There is also a `dtypes` attribute (as in Pandas). However, this gives a `list` of dtypes with no column names

In [5]:
df.dtypes

[Int64,
 Int64,
 Int64,
 Utf8,
 Utf8,
 Float64,
 Int64,
 Int64,
 Utf8,
 Float64,
 Utf8,
 Utf8]

A `Series` also has a data type attribute

In [6]:
df['Name'].dtype

Utf8

## Apache Arrow

A Pandas `DataFrame` has underlying Numpy arrays where the data is stored. In Polars the data is stored in an Arrow Table. 

We can see this Arrow Table by calling `to_arrow` - this is a cheap operation as it is just accessing the underlying data

In [7]:
df.to_arrow()

pyarrow.Table
PassengerId: int64
Survived: int64
Pclass: int64
Name: large_string
Sex: large_string
Age: double
SibSp: int64
Parch: int64
Ticket: large_string
Fare: double
Cabin: large_string
Embarked: large_string
----
PassengerId: [[1,2,3,4,5,...,887,888,889,890,891]]
Survived: [[0,1,1,1,0,...,0,1,0,1,0]]
Pclass: [[3,1,3,1,3,...,2,1,3,1,3]]
Name: [["Braund, Mr.
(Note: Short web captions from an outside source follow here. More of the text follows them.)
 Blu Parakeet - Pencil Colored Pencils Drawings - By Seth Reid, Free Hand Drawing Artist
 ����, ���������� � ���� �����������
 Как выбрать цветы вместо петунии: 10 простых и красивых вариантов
Owen Harris","Cumings, Mrs. John Bradley (Florence Briggs Thayer)","Heikkinen, Miss. Laina","Futrelle, Mrs. Jacques Heath (Lily May Peel)","Allen, Mr. William Henry",...,"Montvila, Rev. Juozas","Graham, Miss. Margaret Edith","Johnston, Miss. Catherine Helen "Carrie"","Behr, Mr. Karl Howell","Dooley, Mr. Patrick"]]
Sex: [["male","female","female","female","male",...,"male","female","female","male","male"]]
Age: [[22,38,26,35,35,...,27,19,null,26,32]]
SibSp: [[1,1,0,1,0,...,0,0,1,0,0]]
Parch: [[0,0,0,0,0,...,0,0,2,0,0]]
Ticket: [["A/5 21171","PC 17599","STON/O2. 3101282","113803","373450",...,"211536","112053","W./C. 6607","1113

### What is Apache Arrow?
Apache Arrow is an open source cross-language project to store tabular data in-memory. Apache Arrow is both:
- a specificiation for how data should be represented in memory
- a set of libraries in different languages that implement that specification

Polars uses the implementation of the Arrow specification from the Rust library [Arrow2](https://docs.rs/arrow2/latest/arrow2/)
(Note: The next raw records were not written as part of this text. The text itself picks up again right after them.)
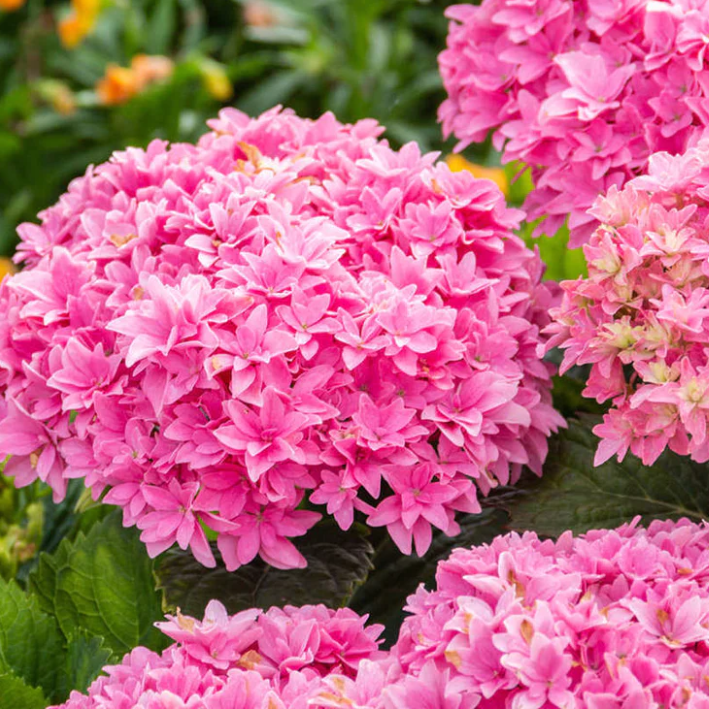 hydrangea starfield.png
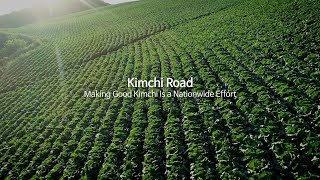 Let’s hit the “Kimchi Road” with this video [upl. by Seaton]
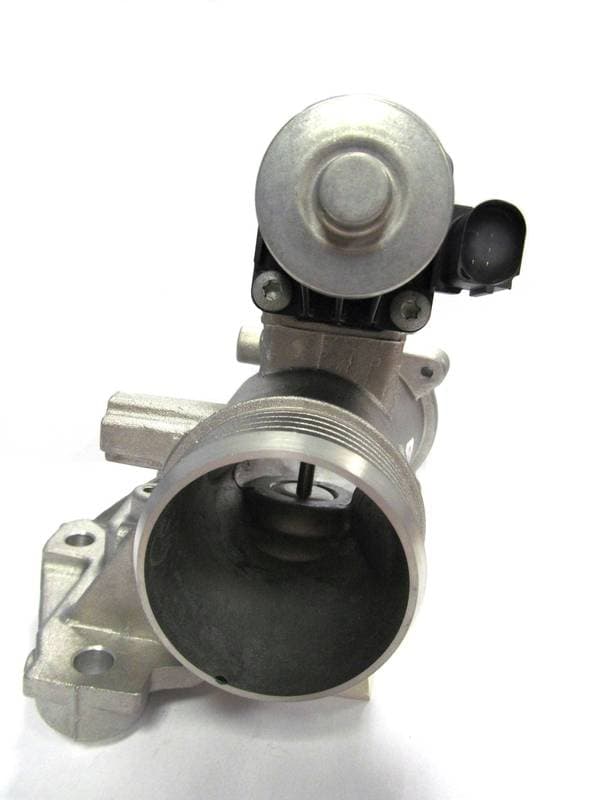 EGR360-968331.jpg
### Why does `Polars` use `Apache Arrow`?
Arrow allows for:
- sharing data without copying ("zero-copy")
- faster vectorised calculations
- working with larger-than-memory data in chunks
- consistent representation of missing data

Overall, Polars can process data more quickly and with less memory usage because of Arrow.

### How do we use Arrow in practice?
In practice **we rarely need to deal with Arrow directly** - Polars handles that for us.

The main time I call `to_arrow` are when passing data to another library that supports Arrow. This can allow us to pass data between libraries without copying. 

For example, [in this blog post I show how you can pass data from Polars to XGBoost by calling `to_arrow`](https://www.rhosignal.com/posts/polars-arrow-xgboost/)

### So what is a Polars `DataFrame`?
One important consequence of using Arrow is that a Polars `DataFrame` doesn't hold data directly. Instead a Polars `DataFrame` holds references to an Arrow table.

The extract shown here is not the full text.